The Majestic (2001)

Directed by Frank Darabont. Starring Jim Carrey, Laurie Holden, Martin Landau, David Ogden Stiers, Gerry Black, Jeffrey DeMunn, James Whitmore, Catherine Dent, Karl Bury, Brian Howe, Allen Garfield, Ron Rifkin, Hal Holbrook, Bob Balaban, Brent Briscoe, Chelcie Ross, Amanda Detmer. [PG]

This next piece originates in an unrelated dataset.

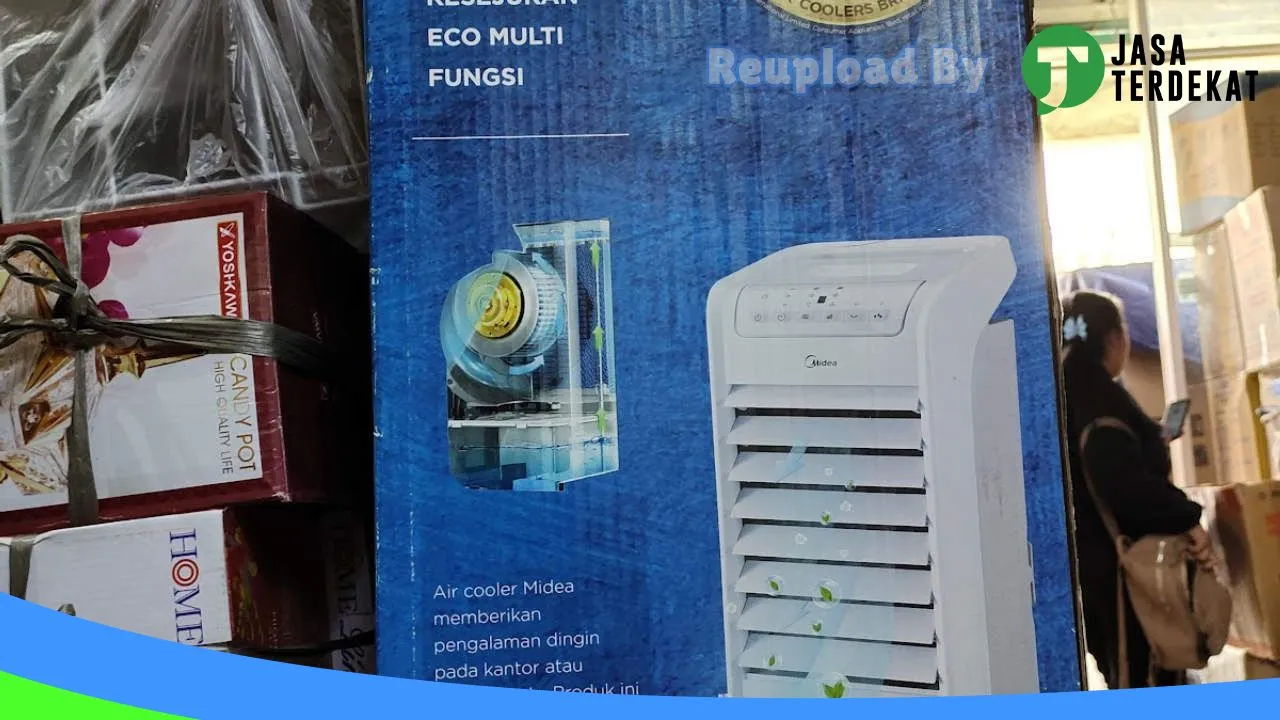 Gambar Toko Pringsewu Elektronik di Pringsewu, Lampung ke 2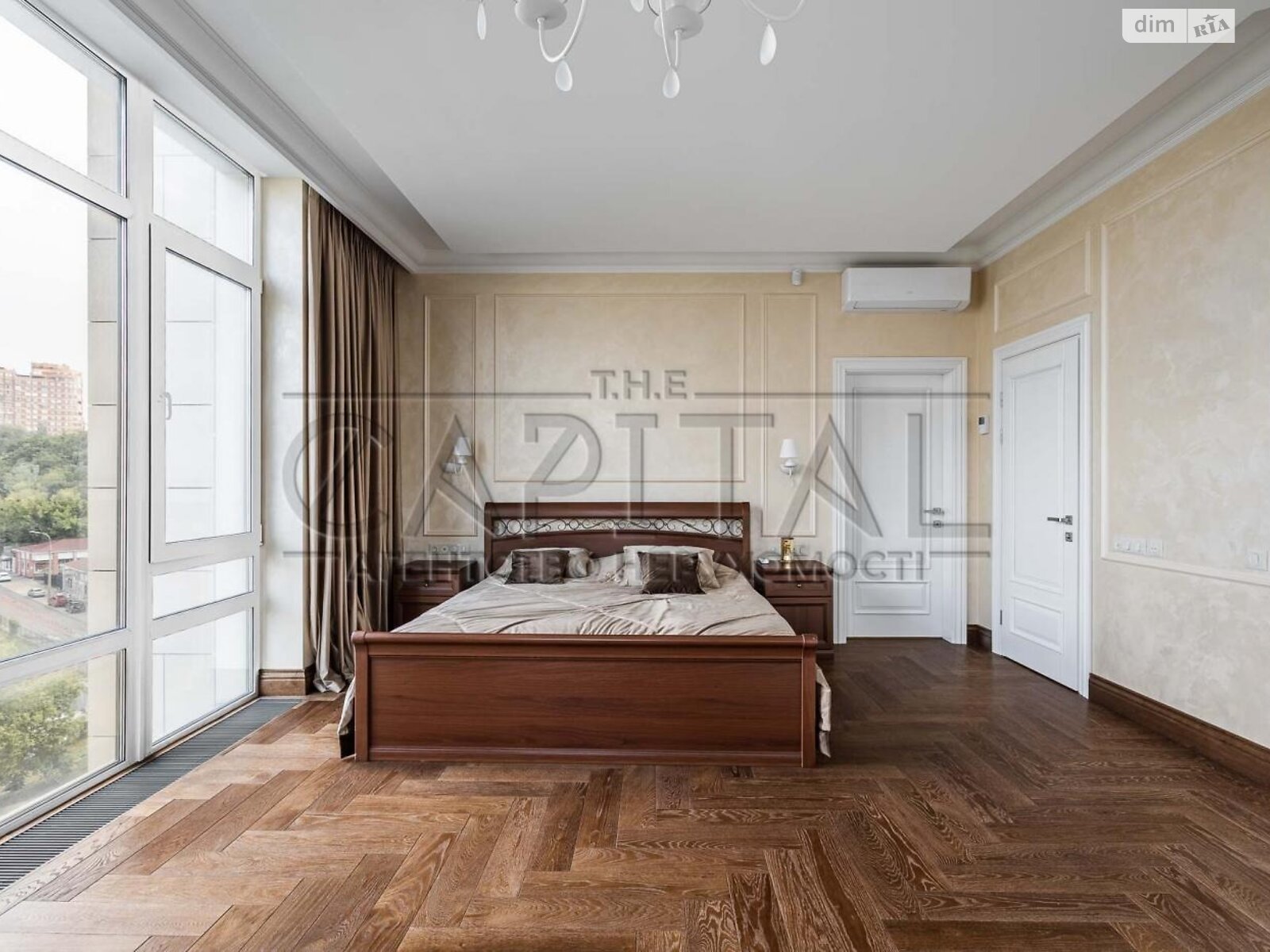 Продаж трикімнатної квартири в Києві, на вул. Іоанна Павла II 6/1, район Саперне Поле фото 1 Продаж трикімнатної квартири в Києві, на вул. Іоанна Павла II 6/1, район Саперне Поле фото 1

Lead-footed, old-fashioned “feel-good” drama suffocates the viewer in sentiment and sanctimony while celebrating an America that sadly never was and criticizing a Hollywood that sadly still is. Carrey is an up-and coming screenwriter in the early-50s who’s accused of being a communist, and after a night of heavy drinking, he drives his car off a bridge and wakes up in a Capra-esque small town where he’s mistaken for the long-missing G.I. son of Landau’s local, a ruse the writer participates in to spare the feelings of the old man and the rest of the town. How he could be so easily mistaken for someone who’s intimately known by everyone in town is a fantasy element you either buy or you don’t (too much of a struggle for me); before that, the pic started on solid footing in Tinsel Town (replete with a most-welcome cameo from Bruce Campbell as a B-movie star—what range!), but it bogs down in a hurry after the accident, and not only does the movie never recover, but it seems to get worse and worse with each passing minute. Moves slow enough to make Meet Joe Black look like Crank, and is so interminably heavy-handed and simple-minded, it’s like having an ox named Nostalgia sitting on your chest for more than two hours. Even those who embrace the message and don’t mind poorly-manufactured pseudo-sincerity are likely to become bored by how inert and unchallenging the film is, and how hard it is to swallow anything that happens during the last thirty or forty minutes. Trapped somewhere beneath all the treacle is a worthy love letter to the silver screen and the magic of historic movie houses, but the effort needed to shovel down deep enough to get there isn’t worth it. Several filmmakers make voice cameos (Rob & Carl Reiner, Paul Mazursky, etc.), as does Matt Damon; Cliff Curtis appears in the flesh alongside Bruce Campbell in a black & white swashbuckler.